[Opening Extracted data section]
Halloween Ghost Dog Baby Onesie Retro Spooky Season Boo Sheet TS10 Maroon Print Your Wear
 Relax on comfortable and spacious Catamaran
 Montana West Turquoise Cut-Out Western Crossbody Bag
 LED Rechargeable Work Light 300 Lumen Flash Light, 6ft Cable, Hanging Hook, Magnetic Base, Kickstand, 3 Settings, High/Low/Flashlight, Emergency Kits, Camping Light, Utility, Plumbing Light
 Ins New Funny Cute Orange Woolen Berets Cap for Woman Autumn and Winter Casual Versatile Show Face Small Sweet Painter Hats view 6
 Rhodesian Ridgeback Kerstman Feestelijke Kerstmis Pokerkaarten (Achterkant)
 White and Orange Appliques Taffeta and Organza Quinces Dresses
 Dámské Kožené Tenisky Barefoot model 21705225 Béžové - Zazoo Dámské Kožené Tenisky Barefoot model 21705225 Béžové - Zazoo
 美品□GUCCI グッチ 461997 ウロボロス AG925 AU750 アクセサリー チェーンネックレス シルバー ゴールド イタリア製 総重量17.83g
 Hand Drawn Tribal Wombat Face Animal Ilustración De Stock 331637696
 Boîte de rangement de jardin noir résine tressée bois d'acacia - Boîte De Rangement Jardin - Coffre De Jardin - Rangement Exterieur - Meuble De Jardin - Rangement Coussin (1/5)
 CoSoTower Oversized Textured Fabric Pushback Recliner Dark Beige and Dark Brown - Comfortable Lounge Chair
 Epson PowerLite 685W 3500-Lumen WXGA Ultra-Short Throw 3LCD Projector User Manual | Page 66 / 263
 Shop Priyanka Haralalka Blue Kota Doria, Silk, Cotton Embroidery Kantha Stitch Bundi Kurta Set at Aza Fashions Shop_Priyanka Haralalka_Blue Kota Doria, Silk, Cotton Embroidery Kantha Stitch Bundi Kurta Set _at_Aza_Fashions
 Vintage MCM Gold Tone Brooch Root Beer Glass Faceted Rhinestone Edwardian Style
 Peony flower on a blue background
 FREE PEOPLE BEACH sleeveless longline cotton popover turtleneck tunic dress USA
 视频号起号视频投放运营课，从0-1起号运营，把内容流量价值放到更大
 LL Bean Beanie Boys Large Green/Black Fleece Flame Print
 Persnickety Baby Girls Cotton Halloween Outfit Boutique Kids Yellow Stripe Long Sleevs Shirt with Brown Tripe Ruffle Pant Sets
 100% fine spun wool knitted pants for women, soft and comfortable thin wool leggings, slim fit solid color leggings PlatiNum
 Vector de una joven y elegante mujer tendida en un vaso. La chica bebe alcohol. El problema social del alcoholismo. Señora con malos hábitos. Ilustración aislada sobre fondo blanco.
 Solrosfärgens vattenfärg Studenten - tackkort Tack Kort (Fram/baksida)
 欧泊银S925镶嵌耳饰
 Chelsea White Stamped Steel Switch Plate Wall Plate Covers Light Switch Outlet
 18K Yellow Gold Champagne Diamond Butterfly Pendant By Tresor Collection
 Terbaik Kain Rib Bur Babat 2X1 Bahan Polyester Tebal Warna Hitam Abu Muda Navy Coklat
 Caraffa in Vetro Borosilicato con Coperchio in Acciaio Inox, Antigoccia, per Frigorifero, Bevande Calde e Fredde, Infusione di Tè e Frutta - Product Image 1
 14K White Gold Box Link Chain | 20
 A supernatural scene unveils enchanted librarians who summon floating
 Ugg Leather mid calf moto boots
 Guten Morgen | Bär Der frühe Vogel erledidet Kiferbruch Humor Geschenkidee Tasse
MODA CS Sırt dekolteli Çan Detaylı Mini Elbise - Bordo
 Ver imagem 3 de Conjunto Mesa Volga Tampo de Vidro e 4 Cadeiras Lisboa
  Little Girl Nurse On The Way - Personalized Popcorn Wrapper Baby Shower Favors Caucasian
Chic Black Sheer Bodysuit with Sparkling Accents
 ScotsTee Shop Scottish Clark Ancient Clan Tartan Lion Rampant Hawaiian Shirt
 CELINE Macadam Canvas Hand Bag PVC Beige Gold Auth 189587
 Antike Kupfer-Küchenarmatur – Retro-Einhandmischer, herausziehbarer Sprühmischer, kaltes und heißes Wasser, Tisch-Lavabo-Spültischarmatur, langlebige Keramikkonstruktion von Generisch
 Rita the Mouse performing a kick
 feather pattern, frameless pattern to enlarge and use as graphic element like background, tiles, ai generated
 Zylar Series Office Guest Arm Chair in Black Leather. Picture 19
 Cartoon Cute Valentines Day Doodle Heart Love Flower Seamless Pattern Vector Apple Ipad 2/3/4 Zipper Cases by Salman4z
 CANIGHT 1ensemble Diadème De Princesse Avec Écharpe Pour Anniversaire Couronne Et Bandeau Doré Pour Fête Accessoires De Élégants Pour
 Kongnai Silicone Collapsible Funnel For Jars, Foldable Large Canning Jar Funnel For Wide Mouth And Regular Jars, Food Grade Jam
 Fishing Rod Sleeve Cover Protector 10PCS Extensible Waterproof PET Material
[Closing Extracted data section]
- Work required:
Copy the records above exactly as written.

- Written response:
Halloween Ghost Dog Baby Onesie Retro Spooky Season Boo Sheet TS10 Maroon Print Your Wear
 Relax on comfortable and spacious Catamaran
 Montana West Turquoise Cut-Out Western Crossbody Bag
 LED Rechargeable Work Light 300 Lumen Flash Light, 6ft Cable, Hanging Hook, Magnetic Base, Kickstand, 3 Settings, High/Low/Flashlight, Emergency Kits, Camping Light, Utility, Plumbing Light
 Ins New Funny Cute Orange Woolen Berets Cap for Woman Autumn and Winter Casual Versatile Show Face Small Sweet Painter Hats view 6
 Rhodesian Ridgeback Kerstman Feestelijke Kerstmis Pokerkaarten (Achterkant)
 White and Orange Appliques Taffeta and Organza Quinces Dresses
 Dámské Kožené Tenisky Barefoot model 21705225 Béžové - Zazoo Dámské Kožené Tenisky Barefoot model 21705225 Béžové - Zazoo
 美品□GUCCI グッチ 461997 ウロボロス AG925 AU750 アクセサリー チェーンネックレス シルバー ゴールド イタリア製 総重量17.83g
 Hand Drawn Tribal Wombat Face Animal Ilustración De Stock 331637696
 Boîte de rangement de jardin noir résine tressée bois d'acacia - Boîte De Rangement Jardin - Coffre De Jardin - Rangement Exterieur - Meuble De Jardin - Rangement Coussin (1/5)
 CoSoTower Oversized Textured Fabric Pushback Recliner Dark Beige and Dark Brown - Comfortable Lounge Chair
 Epson PowerLite 685W 3500-Lumen WXGA Ultra-Short Throw 3LCD Projector User Manual | Page 66 / 263
 Shop Priyanka Haralalka Blue Kota Doria, Silk, Cotton Embroidery Kantha Stitch Bundi Kurta Set at Aza Fashions Shop_Priyanka Haralalka_Blue Kota Doria, Silk, Cotton Embroidery Kantha Stitch Bundi Kurta Set _at_Aza_Fashions
 Vintage MCM Gold Tone Brooch Root Beer Glass Faceted Rhinestone Edwardian Style
 Peony flower on a blue background
 FREE PEOPLE BEACH sleeveless longline cotton popover turtleneck tunic dress USA
 视频号起号视频投放运营课，从0-1起号运营，把内容流量价值放到更大
 LL Bean Beanie Boys Large Green/Black Fleece Flame Print
 Persnickety Baby Girls Cotton Halloween Outfit Boutique Kids Yellow Stripe Long Sleevs Shirt with Brown Tripe Ruffle Pant Sets
 100% fine spun wool knitted pants for women, soft and comfortable thin wool leggings, slim fit solid color leggings PlatiNum
 Vector de una joven y elegante mujer tendida en un vaso. La chica bebe alcohol. El problema social del alcoholismo. Señora con malos hábitos. Ilustración aislada sobre fondo blanco.
 Solrosfärgens vattenfärg Studenten - tackkort Tack Kort (Fram/baksida)
 欧泊银S925镶嵌耳饰
 Chelsea White Stamped Steel Switch Plate Wall Plate Covers Light Switch Outlet
 18K Yellow Gold Champagne Diamond Butterfly Pendant By Tresor Collection
 Terbaik Kain Rib Bur Babat 2X1 Bahan Polyester Tebal Warna Hitam Abu Muda Navy Coklat
 Caraffa in Vetro Borosilicato con Coperchio in Acciaio Inox, Antigoccia, per Frigorifero, Bevande Calde e Fredde, Infusione di Tè e Frutta - Product Image 1
 14K White Gold Box Link Chain | 20
 A supernatural scene unveils enchanted librarians who summon floating
 Ugg Leather mid calf moto boots
 Guten Morgen | Bär Der frühe Vogel erledidet Kiferbruch Humor Geschenkidee Tasse
MODA CS Sırt dekolteli Çan Detaylı Mini Elbise - Bordo
 Ver imagem 3 de Conjunto Mesa Volga Tampo de Vidro e 4 Cadeiras Lisboa
  Little Girl Nurse On The Way - Personalized Popcorn Wrapper Baby Shower Favors Caucasian
Chic Black Sheer Bodysuit with Sparkling Accents
 ScotsTee Shop Scottish Clark Ancient Clan Tartan Lion Rampant Hawaiian Shirt
 CELINE Macadam Canvas Hand Bag PVC Beige Gold Auth 189587
 Antike Kupfer-Küchenarmatur – Retro-Einhandmischer, herausziehbarer Sprühmischer, kaltes und heißes Wasser, Tisch-Lavabo-Spültischarmatur, langlebige Keramikkonstruktion von Generisch
 Rita the Mouse performing a kick
 feather pattern, frameless pattern to enlarge and use as graphic element like background, tiles, ai generated
 Zylar Series Office Guest Arm Chair in Black Leather. Picture 19
 Cartoon Cute Valentines Day Doodle Heart Love Flower Seamless Pattern Vector Apple Ipad 2/3/4 Zipper Cases by Salman4z
 CANIGHT 1ensemble Diadème De Princesse Avec Écharpe Pour Anniversaire Couronne Et Bandeau Doré Pour Fête Accessoires De Élégants Pour
 Kongnai Silicone Collapsible Funnel For Jars, Foldable Large Canning Jar Funnel For Wide Mouth And Regular Jars, Food Grade Jam
 Fishing Rod Sleeve Cover Protector 10PCS Extensible Waterproof PET Material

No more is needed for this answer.